Ou comment aborder le documentaire de Gianfranco Rosi, premier tour de force des RIDM.

Eyesteel

Les Rencontres internationales du documentaire de Montréal (RIDM) reviennent à Montréal jusqu’au 20 novembre, pour le plus grand bonheur des cinéphiles. Avec près de cent films présentés, les RIDM nous font voyager de Jérusalem à Lampedusa, de Paris à Montréal. Disséminée entre plusieurs cinémas du centre de Montréal, la programmation originale et éclectique de 2016 promet d’offrir aux spectateurs un nouveau regard sur le monde.

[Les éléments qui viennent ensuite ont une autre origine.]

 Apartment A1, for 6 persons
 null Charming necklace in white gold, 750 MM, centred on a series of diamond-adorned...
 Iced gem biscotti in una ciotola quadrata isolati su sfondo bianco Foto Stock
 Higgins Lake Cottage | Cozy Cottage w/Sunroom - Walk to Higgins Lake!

Le plus grand malheur du journaliste culturel est que plus un film est réussi, plus il est difficile de lui rendre justice avec des mots. Pour nous faciliter la tâche, il faudrait garder à l’esprit que, de même que des images filmées ne représentent qu’un infime faisceau de la réalité, un article du Délit  ne reflète hélas qu’un grain de ce qu’il cherche à exprimer. Au lecteur, donc, à travers la force de son imagination, de mettre en relief ce qui est lu, de rendre aux idées la totalité de leur dimension.

Lors de sa toute première présentation aux RIDM de Montréal, le 10 Novembre 2016, les images capturées par le réalisateur italien Gianfranco Rosi sont parvenues à émouvoir et faire rire de façon presque équitable. Le sujet : la crise des réfugiés. Peut-être la plus grande tragédie qui a frappé l’Europe depuis l’Holocauste, pour reprendre les mots du cinéaste, lors d’une conférence de presse après avoir reçu l’Ours d’or à Berlin. Le caractère pressant de ce qui est rarement compris autrement que comme un « sujet d’actualité » est bel et bien une réalité qui ne s’arrête pas lorsque l’on ferme son journal. Et pourtant, les bêtises de Samuele, un petit garçon que l’on suit tout au long du film, adoucissent le drame tout en questionnant la responsabilité de chacun de nous.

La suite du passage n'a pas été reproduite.